A. Quanto costava l’erogazione dell’acqua dalla fontana di Piazza Grandi prima dell’installazione dell’impianto di riciclo?


B. Quanto costa oggi l’erogazione dell’acqua dalla fontana, ovvero dopo l’installazione del riciclo?


C. Quanto costerebbe annualmente la manutenzione della vasca se non vi fosse l’impianto di riciclo e quindi un presupposto maggiore deposito di calcare?

 

Concludendo… a denti stretti.

 

La somma dei costi con l’impianto e dei costi senza l’impianto e la semplice sottrazione di un costo dall’altro fornisce l’inequivocabile cifra che indica se il risparmio esiste oppure no.

 

Attenzione, prescindendo invece da costi e presunti guadagni si devono considerare altri fattori, sui quali il Cittadino deve sempre riflettere:

 

1. Data la peculiare conformazione geologica del terreno su cui poggia la città di Milano l’acqua potabile non verrà mai a mancare, anche a seguito di lunghi periodi di siccità.


2. Dismesse le grandi e medie industrie milanesi il prelievo dell’acqua dal sottosuolo urbano è decresciuto sensibilmente, al punto tale che la falda è risalita. La conseguenza è che, ad esempio, la Linea 2 della Metropolitana, nell’area di Città Studi, deve essere tenuta asciutta facendo funzionare costantemente le pompe per l’evacuazione dell’acqua di falda.

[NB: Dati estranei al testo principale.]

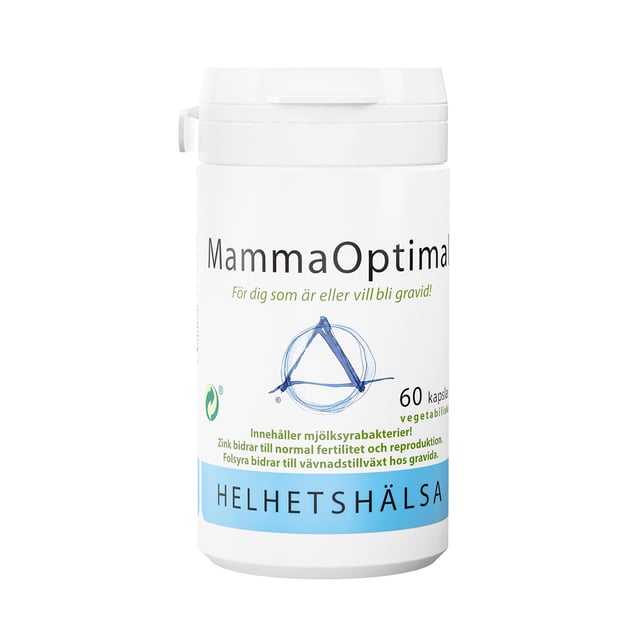 Helhetshälsa MammaOptimal 60 kapslar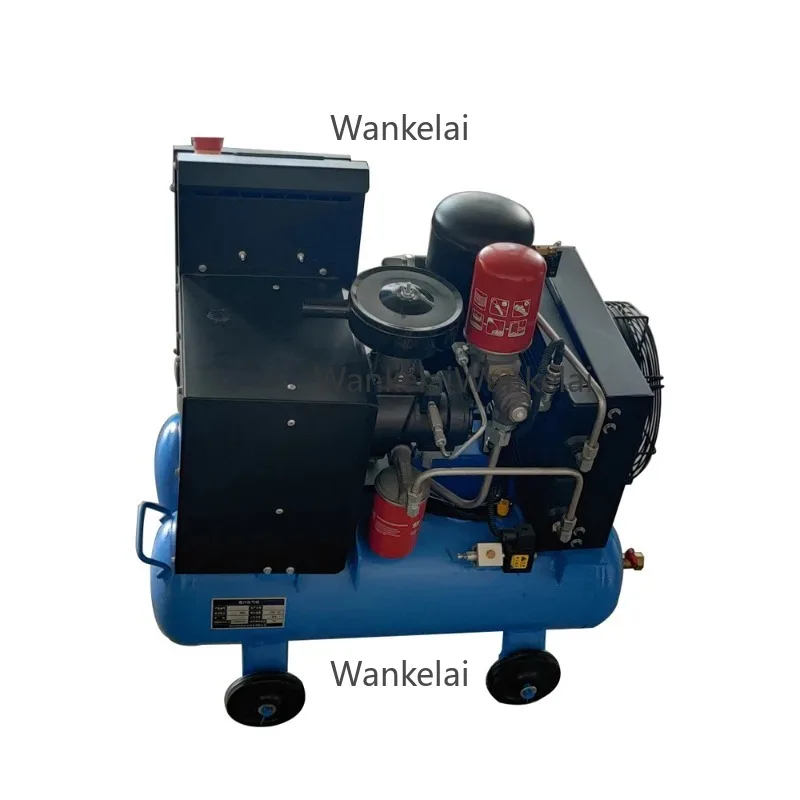 

Portable 4kw 5hp High Pressure Screw Air Compressor 10bar 13bar Low Noise Tire Inflator for Automotive Use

3. Nel Mondo Antico l’acqua era ritenuta un elemento sacro e in Italia si è sviluppata l’ingegneria idraulica che ha fatto scuola nel Mondo, lasciando una incontrovertibile tradizione.

 

Cosa ne consegue?

 

Vogliamo quindi ridurre vita e tradizioni ad un semplice calcolo monetario fatto di addizioni e sottrazioni?

 

Ma, soprattutto: vogliamo paragonare la bellezza e la freschezza di una fontana da cui sgorga acqua cristallina con una che dispensa, e non in continuazione, acqua riciclata che persino gli uccelli si rifiutano di bere?